Data records
§
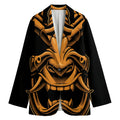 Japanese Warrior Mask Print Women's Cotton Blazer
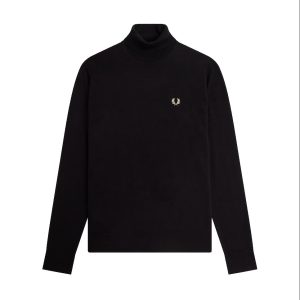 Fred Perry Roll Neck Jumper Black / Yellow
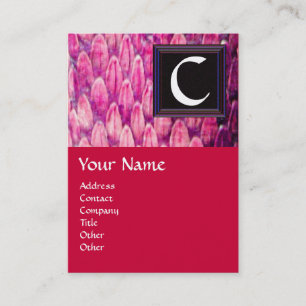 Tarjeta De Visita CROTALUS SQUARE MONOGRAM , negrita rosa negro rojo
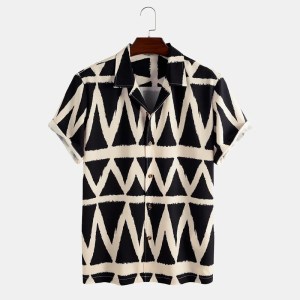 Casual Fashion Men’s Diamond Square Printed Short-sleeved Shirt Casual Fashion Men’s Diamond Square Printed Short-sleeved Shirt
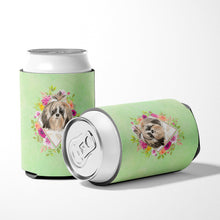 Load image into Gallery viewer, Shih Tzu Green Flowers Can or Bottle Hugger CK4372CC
§
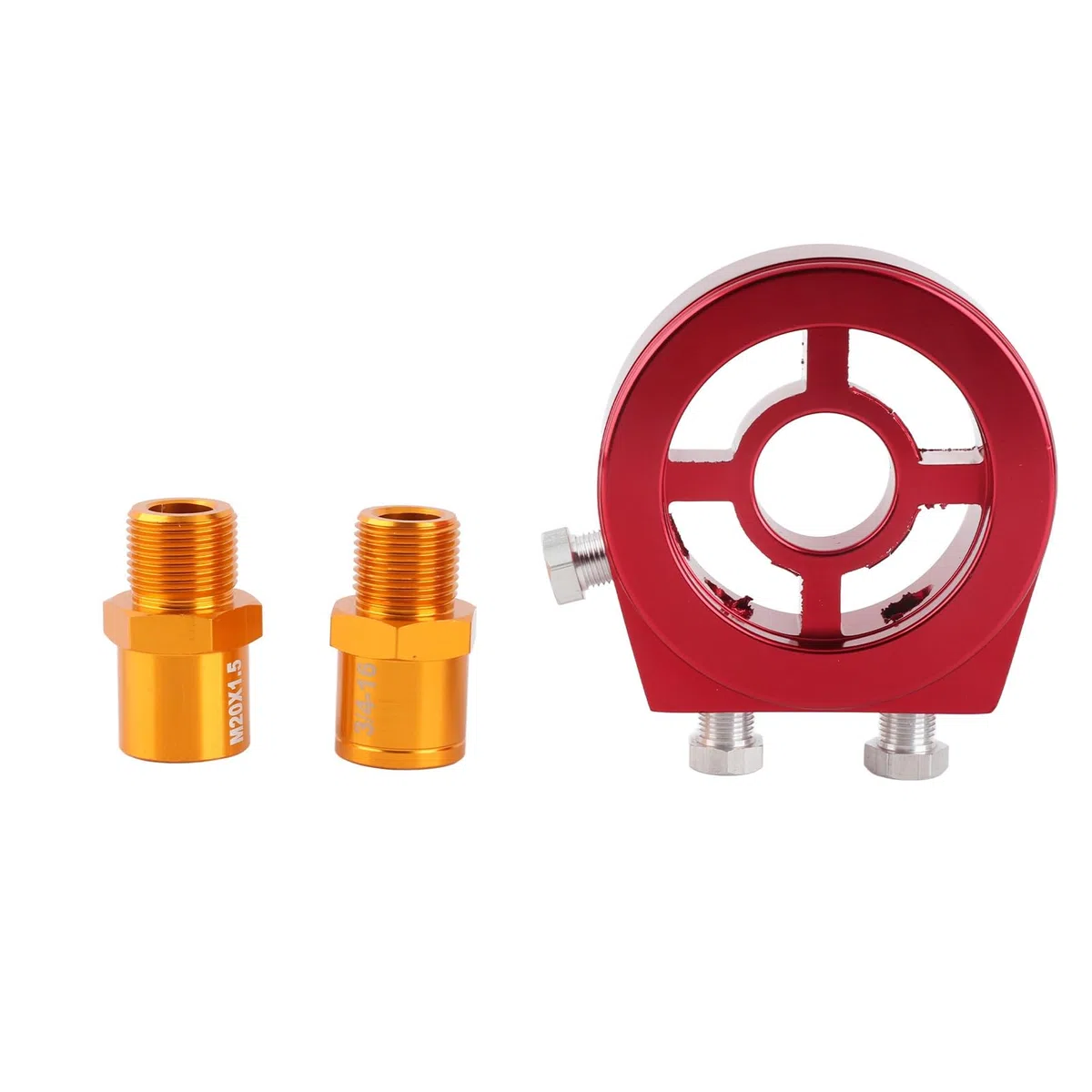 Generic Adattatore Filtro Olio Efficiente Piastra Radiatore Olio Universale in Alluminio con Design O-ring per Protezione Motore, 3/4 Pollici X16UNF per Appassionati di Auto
§
Exercise requirements
Once the line with "Short-sleeved Shirt Casual" is found above, print it and every line after it through the line with "Load image into", exactly. Pictures stay out.

Written reply
 Casual Fashion Men’s Diamond Square Printed Short-sleeved Shirt Casual Fashion Men’s Diamond Square Printed Short-sleeved Shirt
 Load image into Gallery viewer, Shih Tzu Green Flowers Can or Bottle Hugger CK4372CC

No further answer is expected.